In the world of sports analytics, hockey is relatively new to the game. While many fans hopped on the analytics bandwagon that began in baseball in the 1960s, mainstream sports writers and the NHL did not seem interested in advanced stats. During the 2014-2015 season, the NHL officially partnered with SAP (an enterprise software company) to include advanced statistics on the NHL website.
Most of these advanced statistics go above casual fans’ heads, but these stats can tell fans so much about a player’s overall ability. The problem with hockey analytics is how complex the sport of hockey is. Every decision players make can affect the entirety of the game. There is no magic stat in hockey that can define a player. To understand a player, you must combine all information on them in attempt to predict how they will do the upcoming season. And then, after analyzing your team’s statistics, your favorite player will get traded, the Captain will get injured, and the goalie will forget that they’re actually supposed to stop the puck. It is ridiculous to think that hockey can be predicted with a bunch of formulas. So much can go wrong in so little time. But we can delve into the stats to try to understand just a little better.
One of the most common terms in advanced hockey statistics is Corsi number. This number can be thought of as a better way to measure the shots attempted differential. The Corsi number can be calculated for a team and also a player. For the sake of simplicity, when looking at formulas we are going to find the Corsi number for Toronto Maple Leaf Auston Matthews in a hypothetical game against the Washington Capitals. The formula would look like this:
Matthew’s Corsi Number = (Leafs’ shot attempts while Matthews is on the ice) – (Caps shot attempts with Matthews on the ice)
The less convoluted way to write it is:
Corsi = CF – CA
CF and CA standing for “Corsi for” and “Corsi against”, respectively.

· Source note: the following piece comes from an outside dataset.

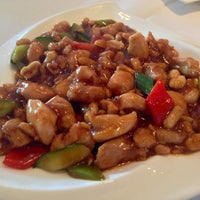 Das Foto wurde bei Zen China Restaurant von MK am 9/7/2013 aufgenommen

Pretty basic, right? The way CF and CA are found is by adding shots on goal, missed shots on goal, and blocked shots on goal. Let’s put this formula to work. Here’s what the shots look like in the hypothetical game when Matthews is on the ice:
|Shots on Goal||Missed Shots||Blocked Shots|
Then the numbers get added to the formula:
Matthews’ Corsi number = (2+6+4) – (1+7+2) = +2
With this Corsi number, you can then find Matthews’ Corsi ON statistic. This complicates the stat a little further by taking into account a player’s time on ice during the game. That formula looks like this:
Corsi ON = (Corsi Number)*(60 minutes)/(total ice time)
Let’s say Matthews was on ice for 17 minutes.
Matthews’ Corsi ON = (2)(60 minutes)/(17 minutes) = 7.06
Adding a time component to the stat helps explain the numbers further. The less time Auston Matthews is on the ice with a +2 Corsi number, the more impressive the number is.
The final component to the Corsi number is the relative Corsi. This is simply:
Corsi REL = (Matthews’ Corsi number) – (Leaf’s Corsi number)
So if the Leafs’ Corsi number for the game is +6 then it would look like this:
Corsi REL = (2)-(6)= -4
What do all of these numbers mean?
Basically, the Corsi number tries to give value to a player whether they are defensive or offensive. A defensemen won’t score the same amount of goals as an offensive player, but they can have just as good of a Corsi number.
Corsi numbers are not without their flaws. Just because a shot is taken does not mean it is a good shot, or ever had the ability to go in the net. It also does not judge the player on their own. Put Erik Karlsson on a more winning team and his Corsi number has the potential to skyrocket.
The Corsi number is not the end all be all for hockey statistics, but it’s the first step towards mathematically understanding the game.